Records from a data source
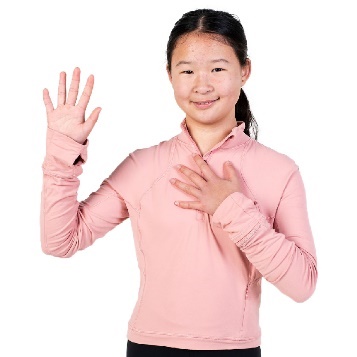 A young person pointing at themselves and raising their hand.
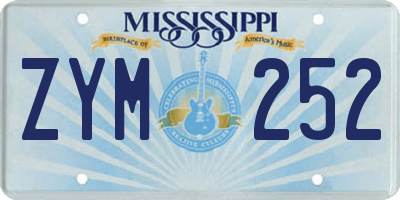MS license plate ZYM252
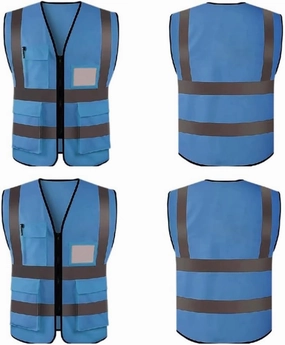 Safety Reflective Vest for Men with Pockets,High Visibility Mesh Safety Waistcoat for Worker Police Traffic,Outdoor Running Night Walking Safety Gear for Unisex Adult-2pcs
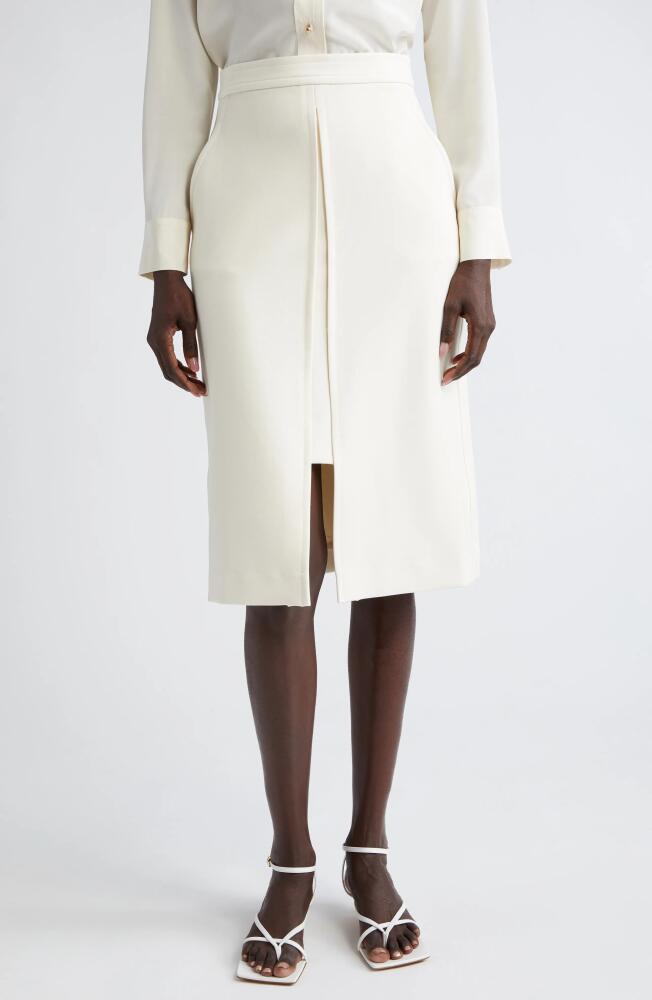 St. John Collection Signature Stretch Crepe Suiting Skirt in Ecru Cover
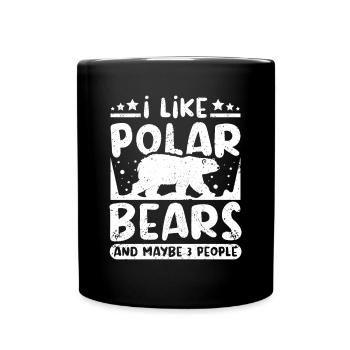 I like polar bears and maybe 3 people - Tasse einfarbig - Schwarz - Vorne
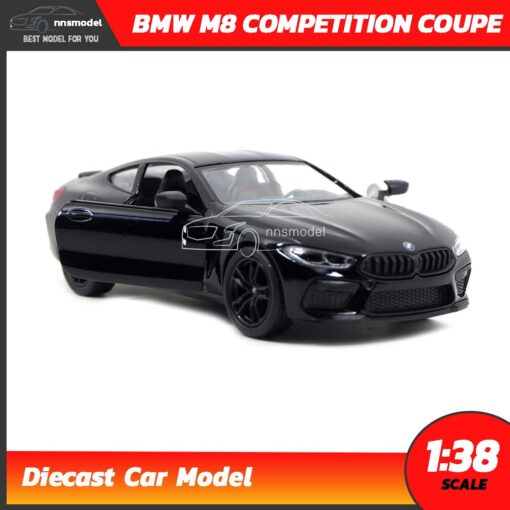 โมเดลรถ BMW M8 Competition Coupe สีดำ (Scale 1:38) รถเหล็กจำลอง เปิดประตูซ้ายขวาได้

- _Instructions to follow_: Lines from the one containing "MS license plate ZYM252" through the final line of the entries above are to be retyped exactly, with every picture left out.

- _Response to this task_:
MS license plate ZYM252
 Safety Reflective Vest for Men with Pockets,High Visibility Mesh Safety Waistcoat for Worker Police Traffic,Outdoor Running Night Walking Safety Gear for Unisex Adult-2pcs
 St. John Collection Signature Stretch Crepe Suiting Skirt in Ecru Cover
 I like polar bears and maybe 3 people - Tasse einfarbig - Schwarz - Vorne
 โมเดลรถ BMW M8 Competition Coupe สีดำ (Scale 1:38) รถเหล็กจำลอง เปิดประตูซ้ายขวาได้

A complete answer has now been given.